According to the Gallup poll, a strong majority in both parties support term limits, though Republicans are more inclined to back the idea. Eighty-two percent of those in the GOP are in favor of term limits, while 65% of Democrats feel the same way. The notion also has strong support–at least 73%–across all age groups.

The survey also shows that more than six in 10 Americans would get rid of the Electoral College, the constitutional structure in place for electing presidents. While tweaks have been made to the rules over the years, repeated attempts to abolish the Electoral College have failed.

Gallup interviewed 1,013 adults by telephone from January 8 through January 9. The sampling error is plus or minus four percentage points.

– CNN Political Director Mark Preston contributed to this report.


Filed under: Congress • Polls
soundoff (27 Responses)
  1. Anthony

    They already have term limits....... they're called ELECTIONS!! If a person keeps getting elected into office, then obviously people in that district love the job they are doing. If that's the case, why should they be forced out of office???

    January 18, 2013 10:03 am at 10:03 am |
  2. much thunder.little rain

    just look at the senate...old ,fat,cant get along because they are afraid to make a big donor mad...2 terms ..if you cant get get things done ..to bad..

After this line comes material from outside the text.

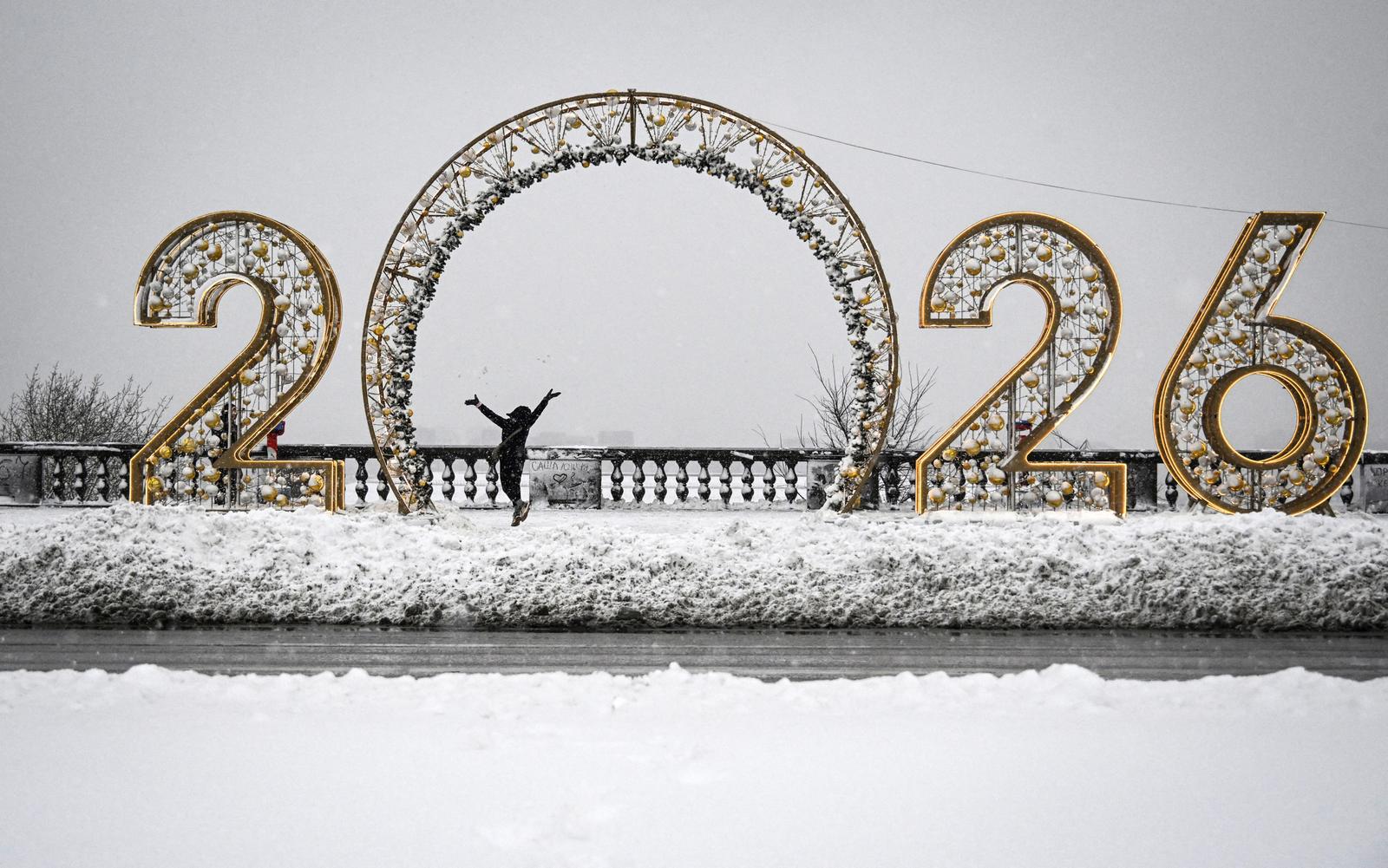Les chiffres du Nouvel An 2026 au point d'observation des collines Vorobyovy à Moscou, le 26 décembre 2025.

    January 18, 2013 10:04 am at 10:04 am |
  3. don in albuquerque

    Yeah! Term limits. That is an idea whose time has come.

    January 18, 2013 10:04 am at 10:04 am |
  4. marita

    We MUST have Term Limits! That would be the first step into the right direction!! – @Marita.

    January 18, 2013 10:07 am at 10:07 am |
  5. bystander

    Yes to revised term limits...No to Electoral College which usefullness disappeared with riding horseback town to town. Term limiting would bring fresher ideas, varying stances and give useless lobbyists ulcers.

    January 18, 2013 10:09 am at 10:09 am |
  6. Jon

    Just another way the government can fail to give the public what it wants. Yay.

    January 18, 2013 10:10 am at 10:10 am |
  7. bonjourno

    term limits don't determin what the outcome of the worlds fate is, mans actions and GOD do!

    January 18, 2013 10:13 am at 10:13 am |
  8. Sniffit

    Major departure from the intent of the founding fathers in the Constitution. You want term limits? Don't vote for that person again after they've been in office X times. It's that simple.

    Term limits that the founding fathers specifically rejected actually constitute a limitation of voting rights because it limits the options and choices available. If you've got a problem with the quality of the people representing you, such that you don't feel they should be in office for "too long," then stop voting for low-quality pandering jackholes. If you've got a problem with lobbyists and special interests and campaign donor influence, then support and demand, oudly and aggressively, the kind of massive lobbying and campaign finance reforms we really need and stop electing people who will block it. If your representative is god's gift to your district though, you as a voter shouldn't be limited in how many times you send him or her to DC to do your business. The choice should remain yours as a voter as it does now, not written in stone...and this is particularly true in less populous and rural areas that have a smaller talent pool to pick from. That is why there are no term limits for them in the Constitution...it empowers you as a voter. This demand for congessional term limits is myopic, forest for the trees type reactionary stuff.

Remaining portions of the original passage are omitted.